鹿青音瞬间明白,人们为何称江见时为鬼书生?身边带着这四个人不是鬼也得被当作鬼!
若是夜里,四个一丈高的红影伴着江见时出现,有几个人能觉得他们是好人?他突然想起在江边渔村,有人说看到了色鬼娶亲!
鹿青音额角微微抽了抽
江见时道:“扶丰城传言有鬼戏子害人,我下山捉鬼,蛰伏数日后,在扶丰城外遇见了那水蛭精带着七具被吸了血的尸身进城,眼看她要害人,我便将她打伤,并未杀她。”
方才对待葛万生还一副大爷之态的江见时此时像个受了委屈的孩子般,看着鹿青音:“我知道你破案是要证据的,我有人证!那汪顺可是看着我捉妖的,只是现下被吓掉了一魂,我可以帮他找回那一魂为我作证,不过这招魂术太过费力他们四个也可以为我作证!”
江见时指着身后四个壮汉,四人像是小鸡啄米似的纷纷点头。
鹿青音已经全然信了他说的话,不单是因为相信他的人,也是因为江见时所透露的细节和案子完全吻合,万事都有百密一疏,他若真有心去做局骗人,也断不会将某些细节拿捏的如此缜密。

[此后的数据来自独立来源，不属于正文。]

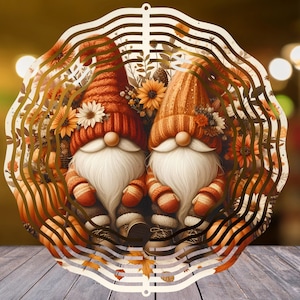 Op de afbeelding: Decoratieve houten uitsparing met twee kabouters met witte baarden, gekleed in oranje en rode hoeden en outfits. De kabouters zijn omgeven door herfstbladeren en bloemen, met een geschulpte rand.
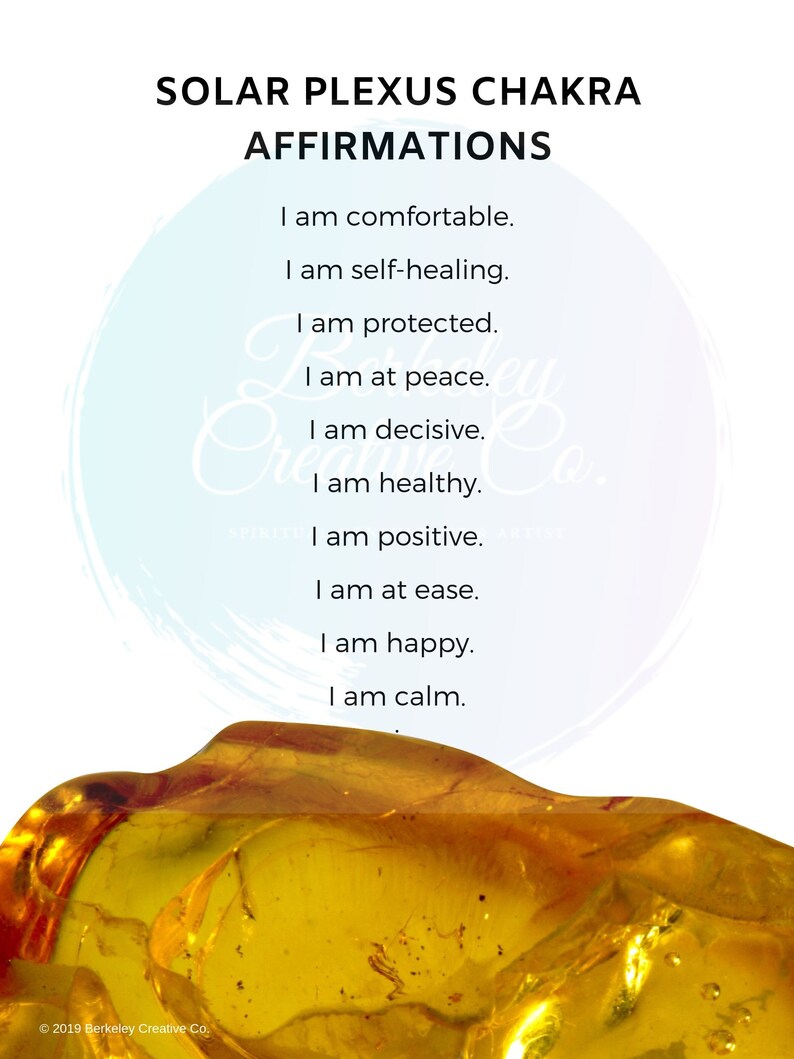 May include: A yellow amber stone against a white background with the text "Solar Plexus Chakra Affirmations" and a list of affirmations: "I am comfortable. I am self-healing. I am protected. I am at peace. I am decisive. I am healthy. I am positive. I am at ease. I am happy. I am calm."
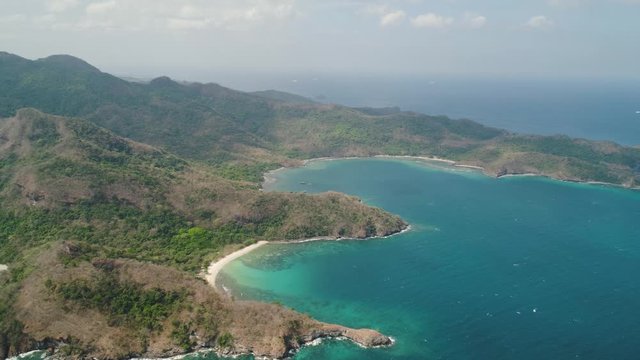 Aerial view coastline with tropical beach, island Limbones, lagoons and coral reefs. Neela cove, Philippines, Luzon. Coast ocean with turquoise water. Tropical landscape in Asia.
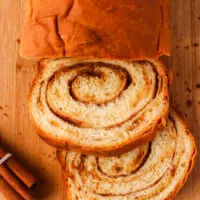 swirled bread on cutting board with 2 slices cut off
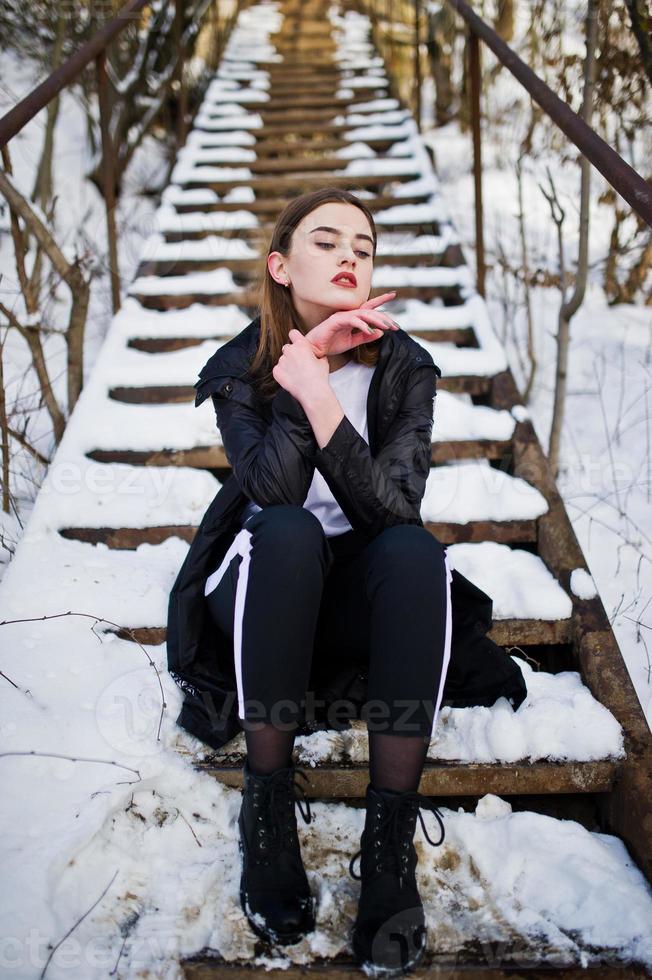modelo morena de piernas largas de moda en un largo manto negro posado al aire libre en el día de invierno. foto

只是鹿青音知道江见时对于妖邪从不手软,一时好奇问道:“当时为何不杀了那妖精?”
江见时道:“扶丰山后有一弯浑潭,潭上有槐木遮蔽形成浓荫,树下残木叶凋零覆盖,此潭又是死水,常年瘴气缭绕,多有上山采药的药农和猎户看不清路,陷入混潭中命毙于此,天地间,人为万物之灵,时间久了,这潭下东西吸了人精魂,尝了人血肉,就有了灵识。潭下孕育着一只百年的水蛭精,善于利用蜃景迷惑他人心智,引诱其自投罗网,再吸食鲜血增进修为。这水蛭精会遁地之术,本事不小,座下有一个六十载的小妖,扶丰城外我打伤的就是那六十年道行的妖精,没有杀她是因为想要激怒她师父,引出那狡猾的老妖,所以才有了扶丰城外和扶丰山上的事情。”
鹿青音心中疑虑慢慢被尽数开解,他恍然大悟:“所以,扶丰城外的七具尸身真的与你并无关系?”他暗生后怕:“这么说来,扶丰山之事,你不仅不是凶手,反而,若你没有及时赶到,我们当天前去的所有人都会命丧暗潭”
江见时微微蹙眉,抱怨:“我自然不是凶手,衙门人蠢,明明看到有人皮悬挂,还要不管不顾的往里冲,若不是我及时点了他们的穴,想来那日死的就不会仅仅只是四个山匪了!”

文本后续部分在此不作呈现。